ABOUT THIS EXERCISE — The material below is to be copied exactly from the line with "A Laugh In Stockport Comedy Club - December" up to and including the line with "LƯỠI CẮT GẠCH, BÊ", with nothing else kept and no pictures.

RECORDS PROVIDED —
/---
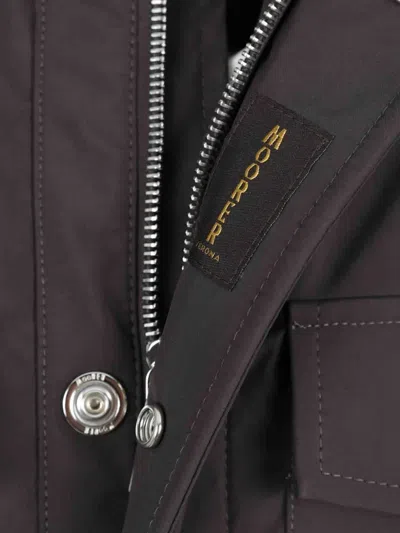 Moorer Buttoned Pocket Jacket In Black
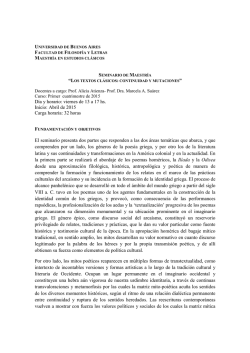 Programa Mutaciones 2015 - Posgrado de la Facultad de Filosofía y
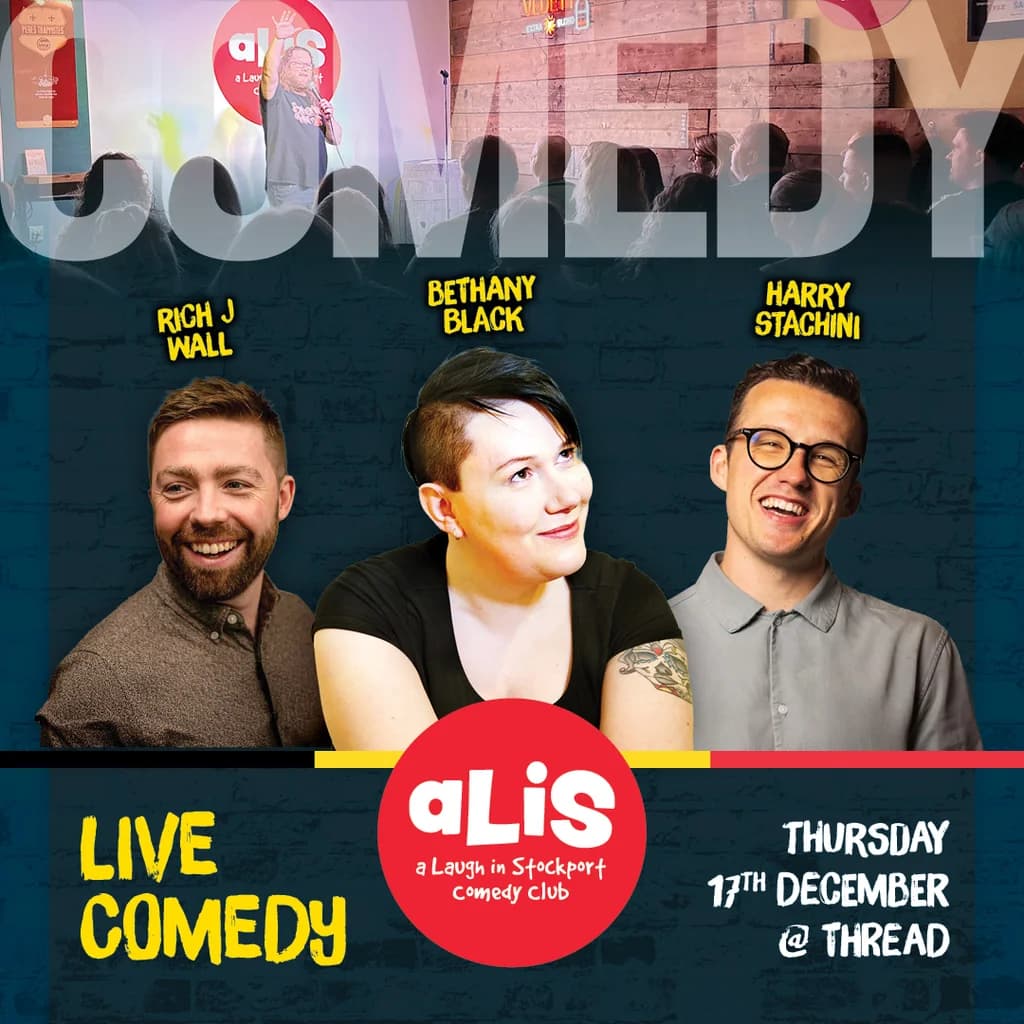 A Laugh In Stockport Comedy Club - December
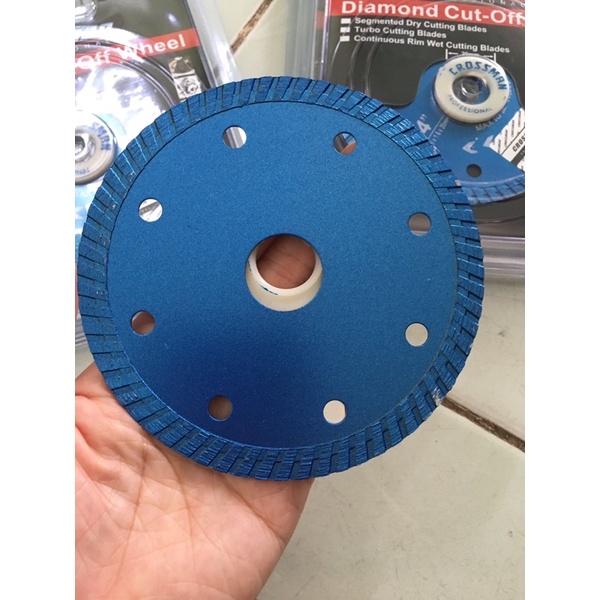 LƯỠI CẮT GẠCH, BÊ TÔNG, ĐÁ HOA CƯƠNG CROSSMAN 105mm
\---
/---
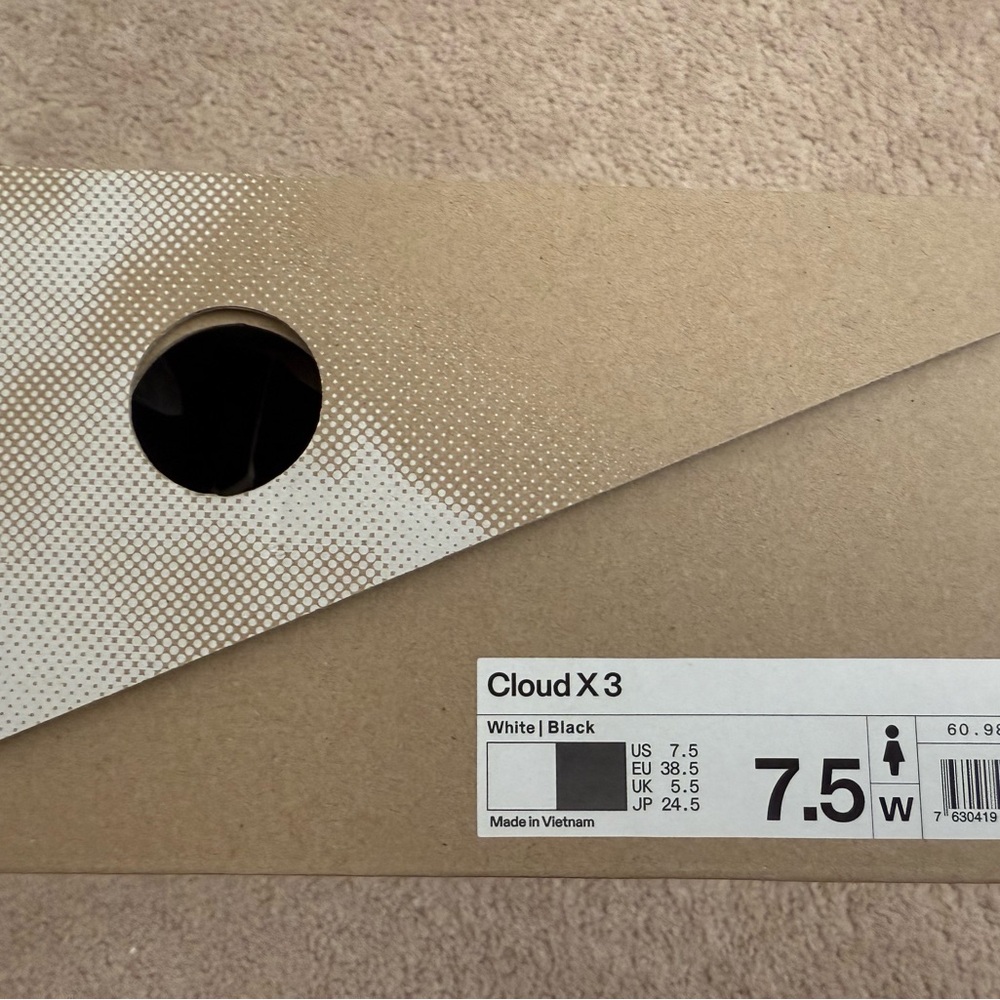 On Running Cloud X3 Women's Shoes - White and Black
\---
ANSWER BOX —
 A Laugh In Stockport Comedy Club - December
 LƯỠI CẮT GẠCH, BÊ TÔNG, ĐÁ HOA CƯƠNG CROSSMAN 105mm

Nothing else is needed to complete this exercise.